Coping with all hardware peculiarities requires building a rule set describing legal data paths. Moreover, these rules depend intimately on how the application is being used, and therefore are complicated by user configuration. We have found that the Tcl/C++ combination provides a flexible solution for this problem. By implementing only the bare essentials in C++ and exporting a Tcl interface that allows easy creation, deletion, and configuration of C++ objects, the difficulty in managing the complexity of the data paths is greatly reduced.

4.2 Capture Path

We applied a similar architectural decomposition to the video capture/compression path. As with the decoder objects, encoder objects perform both compression and RTP packetization. For example, the H.261 encoder fragments its bit stream into packets on ``macroblock'' boundaries to minimize the impact of packet loss.

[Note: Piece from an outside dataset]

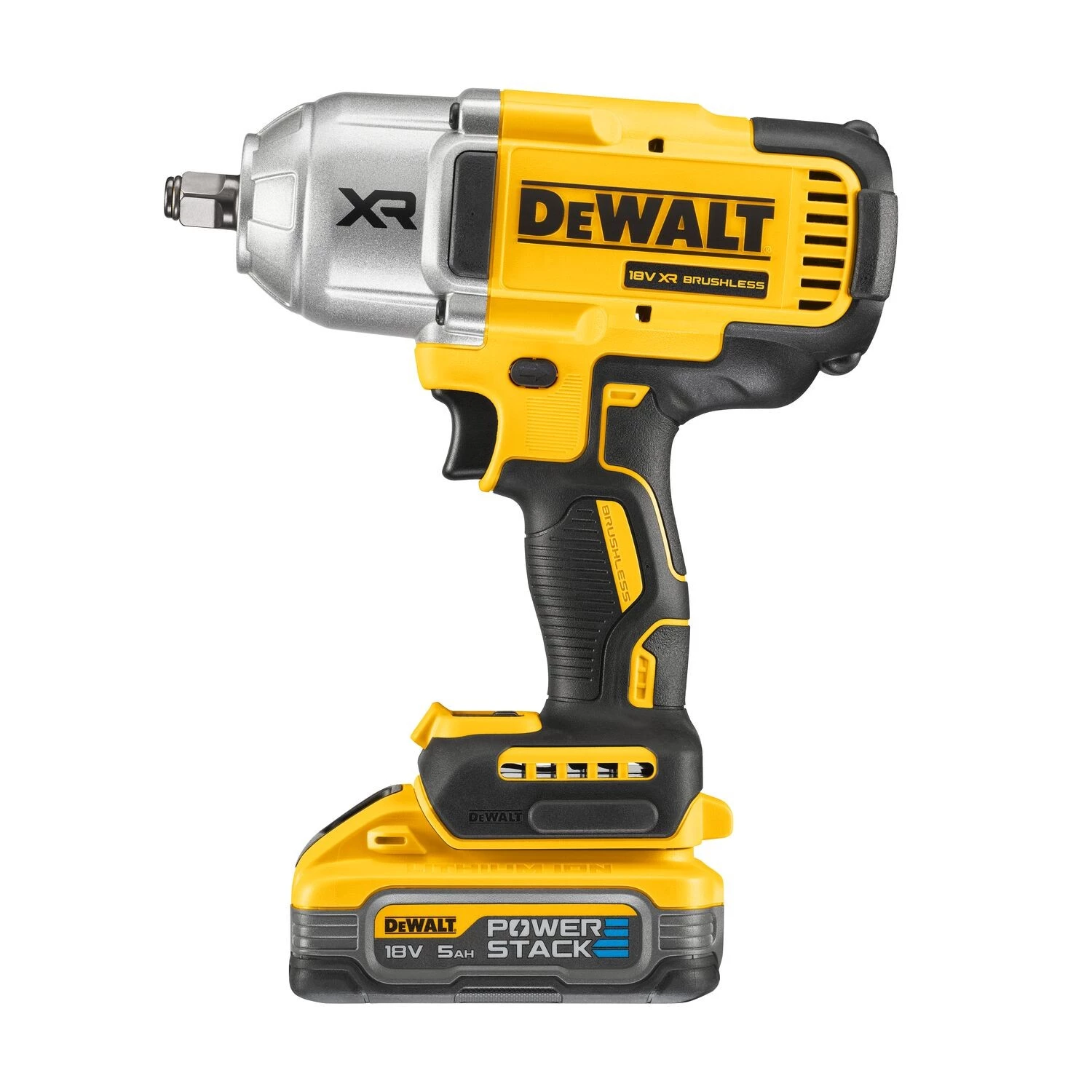 DeWALT DCF900H2T 18V Li-ion Accu Slagmoersleutel Set (2x 5.0Ah Accu) In TSTAK - 1898Nm - 1/2'' thumbnail 3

Different compression schemes require different video input formats. For instance, H.261 requires 4:1:1-decimated CIF format video while the nv encoder requires 4:2:2-decimated video of arbitrary geometry. One implementation approach would be for each capture device to export a common format that is subsequently converted to the format desired by the encoder. Unfortunately, manipulating video data in the uncompressed domain results in a substantial performance penalty, so we have optimized the capture path by supporting each format.

A further performance gain was realized by carrying out the ``conditional replenishment'' [32] step as early as possible. Most of the compression schemes utilize block-based conditional replenishment, where the input image is divided up into small (e.g., 8x8) blocks and only blocks that change are coded and sent. The send decision for a block depends on only a small (dynamically varying) selection of pixels of that block. Hence, if the send decision is folded in with the capture I/O process, most of the read memory traffic and all of the write memory traffic is avoided when a block is not coded.

4.3 Rendering

Another performance-critical operation is converting video from the YUV pixel representation used by most compression schemes to a format suitable for the output device. Since this rendering operation is performed after the decompression on uncompressed video, it can be a bottleneck and must be carefully implemented. Our profiles of vic match the experiences reported by Patel et al. [35], where image rendering sometimes accounts for 50% or more of the execution time.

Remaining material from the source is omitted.